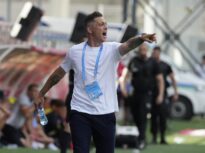 Prima decizie luată de Mirel Rădoi după ce a devenit antrenor la FCSB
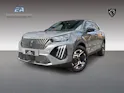 Peugeot 2008 1.2 Hybrid 145 GT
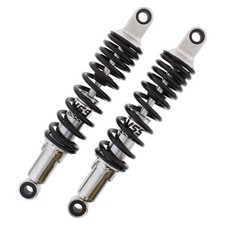 Federbeine für Kawasaki ZL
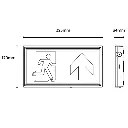 Redbrook-Emergency-Exit-box-LED-line-drawing.webp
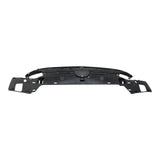 Toyota Proace front bumper upper fitting trim 2016-2021 Genuine 9836021880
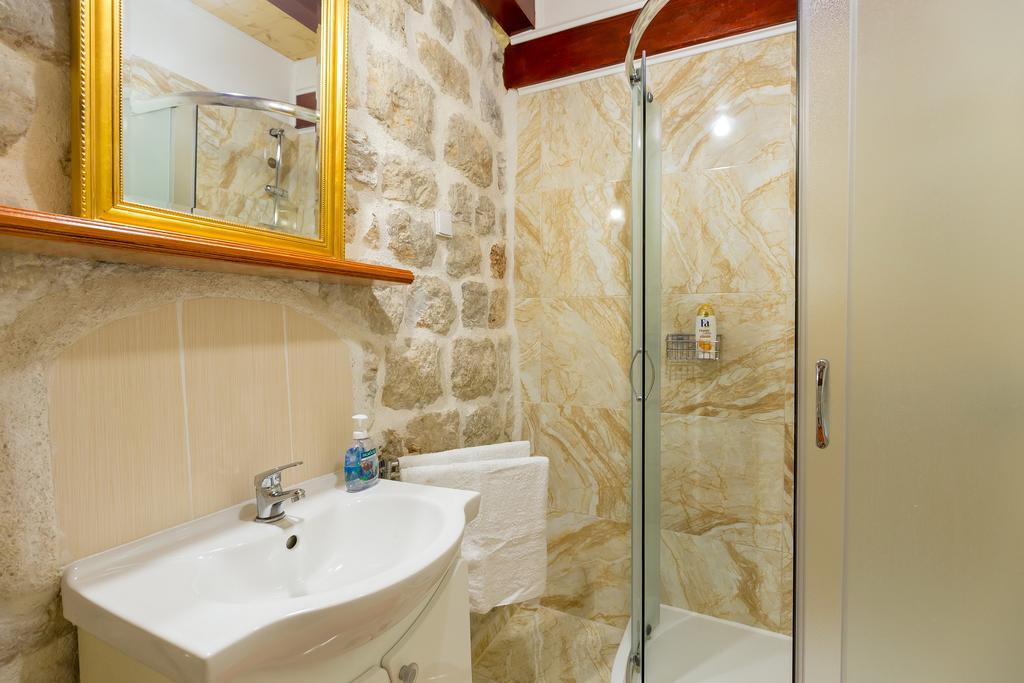 Apartamento Juliette's Palace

WHAT THIS TASK INVOLVES = Nothing but the lines from the one holding "Redbrook-Emergency-Exit-box-LED-line-drawing.webp" through the final line of the entries should be retyped, exactly as they stand and without pictures.

RESULT OF THE TASK =
 Redbrook-Emergency-Exit-box-LED-line-drawing.webp
 Toyota Proace front bumper upper fitting trim 2016-2021 Genuine 9836021880
 Apartamento Juliette's Palace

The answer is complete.